THE PROBLEM> Return all of the data that follows precisely, leaving every image out.

DATA BELOW>
++++++++
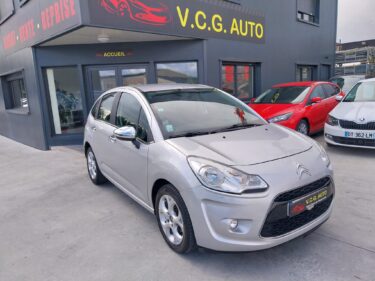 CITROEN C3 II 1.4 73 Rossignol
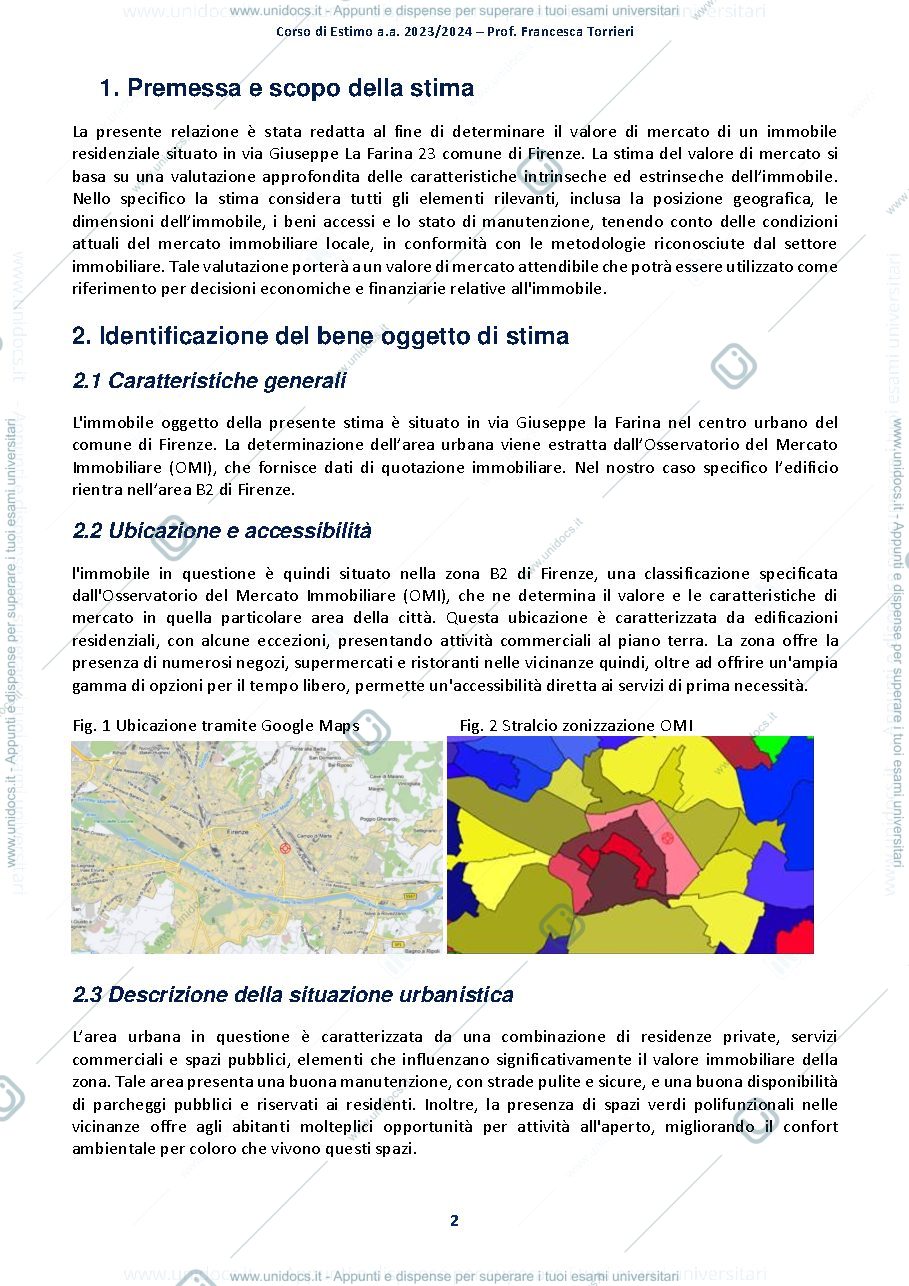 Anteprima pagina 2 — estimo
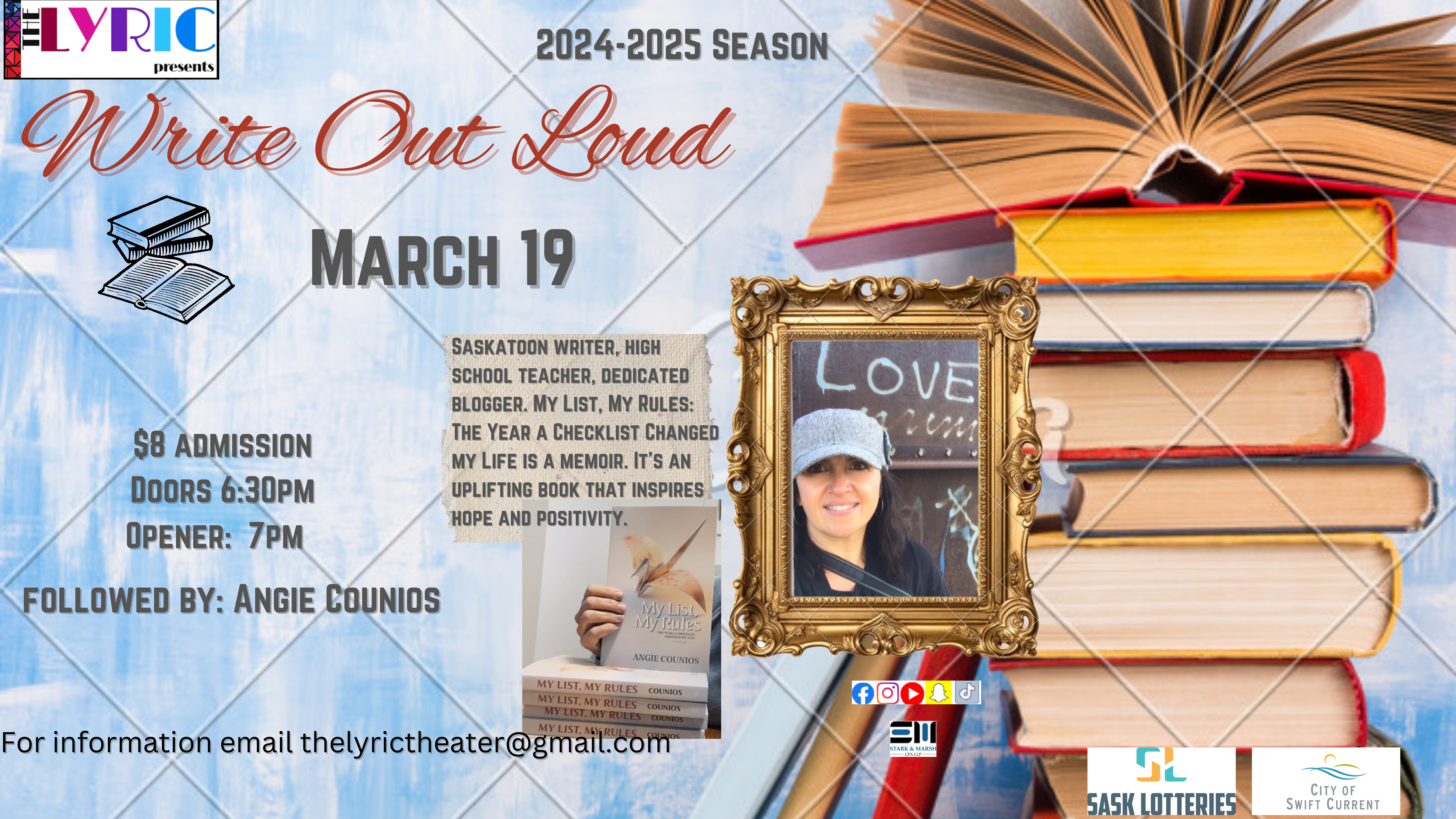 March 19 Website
++++++++
FINISHED TASK>
 CITROEN C3 II 1.4 73 Rossignol
 Anteprima pagina 2 — estimo
 March 19 Website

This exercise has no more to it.